Threat: Insider Threat - Data Exfiltration

  • Threat: Insider Threat - Data Exfiltration

    • Description: A malicious or negligent insider with authorized access to the skills-service (e.g., a developer, administrator, or privileged user) intentionally or unintentionally exfiltrates sensitive skill data. This could involve copying data to external storage, sending it via email, or using other unauthorized channels.
    • Impact: Confidentiality breach; exposure of sensitive skill data, potentially leading to reputational damage, legal consequences, and compromise of individuals or systems.
    • Affected Component: All components, as the insider has authorized access. This highlights the importance of access controls and monitoring.
    • Risk Severity: High
    • Mitigation Strategies:
      • Implement strong access controls (as above): Enforce the principle of least privilege and separation of duties.
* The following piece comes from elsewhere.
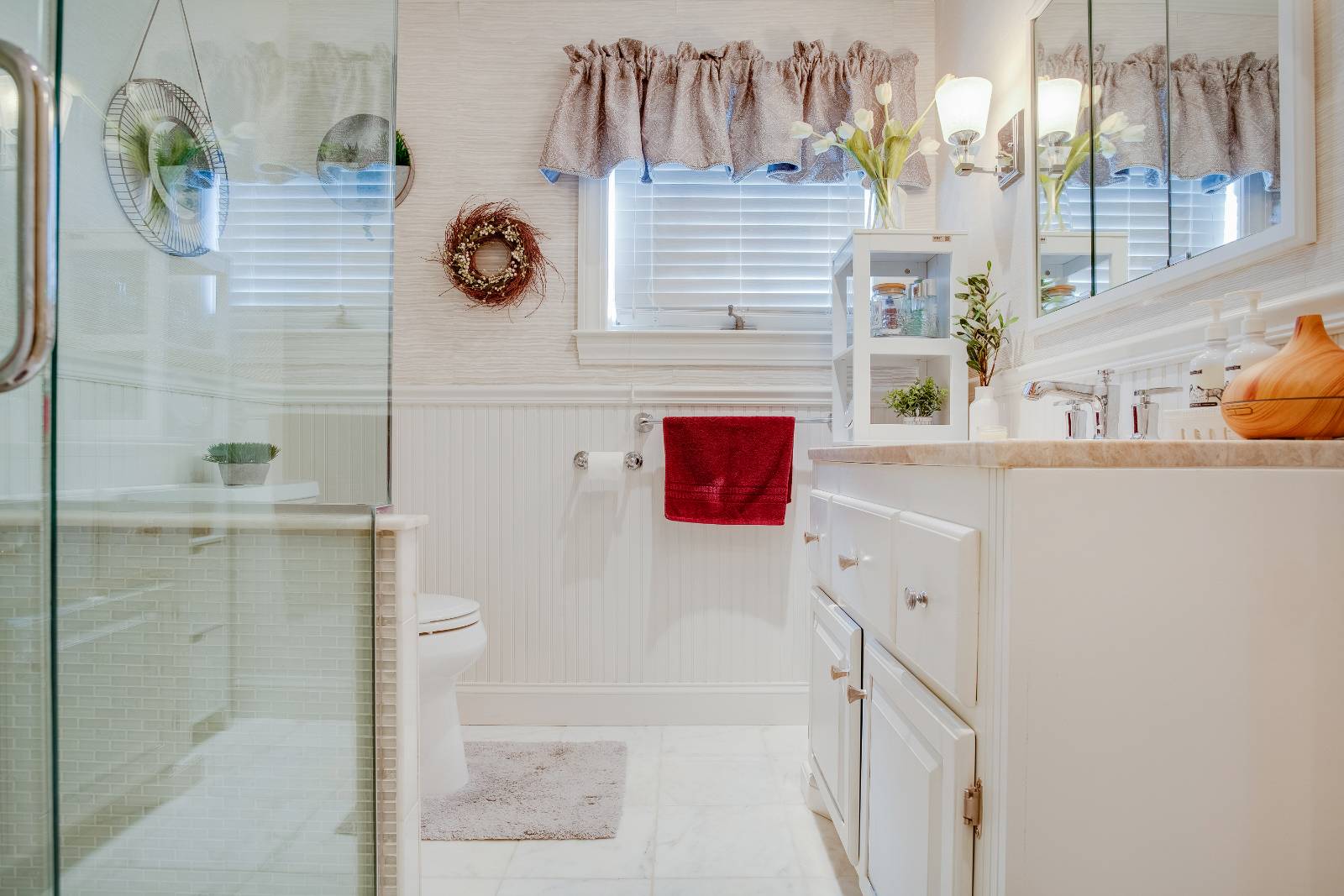 #23 photo, 5 Pioneer St, Cooperstown , NY 13326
      • Monitor user activity: Log all data access and modification events. Implement anomaly detection to identify suspicious behavior.
      • Data Loss Prevention (DLP) tools: Use DLP tools to detect and prevent unauthorized data exfiltration.
      • Background checks and security awareness training: Conduct background checks on personnel with access to sensitive data and provide regular security awareness training.
      • Establish clear policies and procedures: Define clear policies regarding data handling and access, and ensure that all personnel are aware of these policies.